Rôle et pouvoir du yoga dans la révolte
La révolte des Sannyasis et des Fakirs révèle que certains yogis ne se contentaient pas de méditer et de renoncer au monde. Ils utilisaient, au contraire, leur corps et leur discipline spirituelle comme moyens de résistance physique et politique. Alors que le yoga est traditionnellement associé à la spiritualité et à la non-violence, cette période marque un tournant où il devient aussi un outil de lutte contre l’oppression britannique.
Pendant cette révolte, le yoga, bien plus qu’une simple pratique spirituelle, prend une dimension militante et subversive, anticipant déjà les luttes pour l’indépendance de l’Inde.
En outre, leur statut d’hommes saints et leurs pouvoirs yoguiques leur offraient une forme de protection, car certains craignaient de les tuer en raison de leur sainteté et de leurs pouvoirs. Lisons Chandra sur ce point :
Leur statut d’ascète leur donnait un autre avantage : les réticences religieuses que pouvaient éprouver leurs adversaires à s’attaquer à eux. Ghosh mentionne, par exemple, le refus qu’opposent les Cipayes à l’ordre d’attaquer des Sannyāsī à la baïonnette. De même, le raja du Népal répond aux injonctions britanniques de mettre un terme aux agissements des Sannyāsī et Faqir à partir de leurs bases de Morang dans le Terai népalais, qu’il veut bien les expulser du Népal mais que « conformément à sa religion il ne peut pas mettre à mort un Faqir ». Un des guerriers Nāgā les plus fameux, Anup Giri (Himat Bahadur), accusé d’avoir menacé la vie de Mohadji Sindhia par la magie noire, livré à celui-ci par Ali Bahadur Peshwa chez qui il s’était réfugié, menace de se tuer avec les trois cents Nāgā qui étaient avec lui. Devant cette éventualité (le suicide d’un renonçant, de plus expert en magie, accompagné de sa malédiction et cela multiplié par trois cents), le Sindhia capitule et va lui-même rendre hommage à Anup Giri, « presenting him with a robe of honor, a horse and elephants » ! (Sarkar 1959 : 252)
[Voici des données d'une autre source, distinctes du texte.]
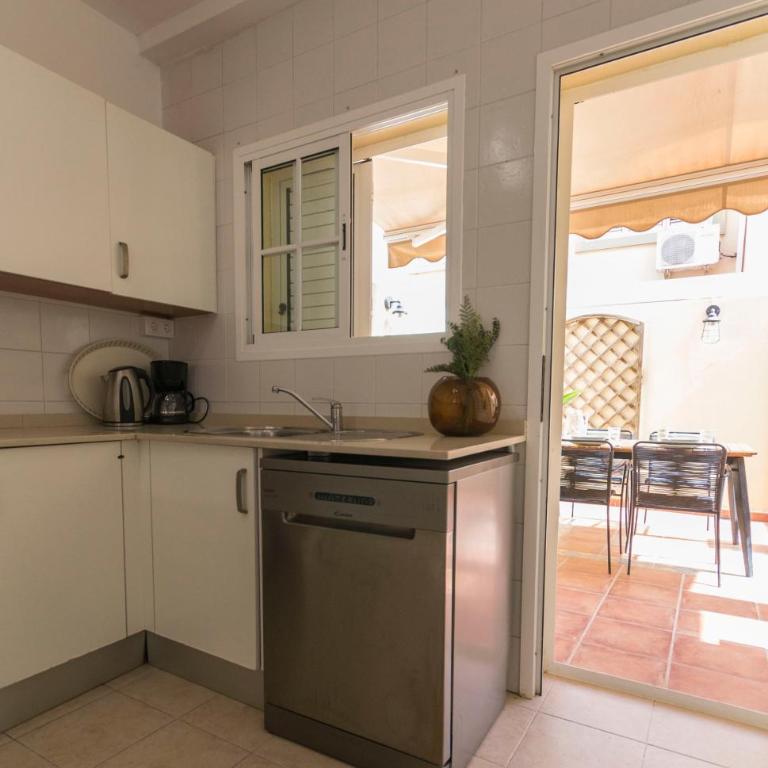 Velas 81 Meloneras 2 terrazas BBQ y piscina - Apartment - 24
A.N Chandra - The Sannyasi Rebellion
Conclusion
Cette insurrection met en évidence une figure fascinante : celle de l’ascète ou du yogi combattant. Bien que traditionnellement perçu comme un être détaché des préoccupations terrestres, le yogi se transforme ici en guerrier pour défendre sa liberté et sa survie. Leur statut d’hommes saints et leurs pouvoirs yoguiques offrait également à certains de ces combattants une forme de protection, comme le montre l’attitude du roi du Népal, qui, bien qu’il soit prêt à expulser ces ascètes, refuse de les exécuter, les reconnaissant comme des figures sacrées.
Souvent réduite à un simple épisode de banditisme religieux, la révolte des Sannyasis et des Fakirs fut en réalité l’une des premières grandes manifestations de résistance à l’impérialisme britannique. Elle nous rappelle que le renoncement au monde n’entraîne pas nécessairement l’inaction. Parfois, la quête de liberté exige une lutte farouche.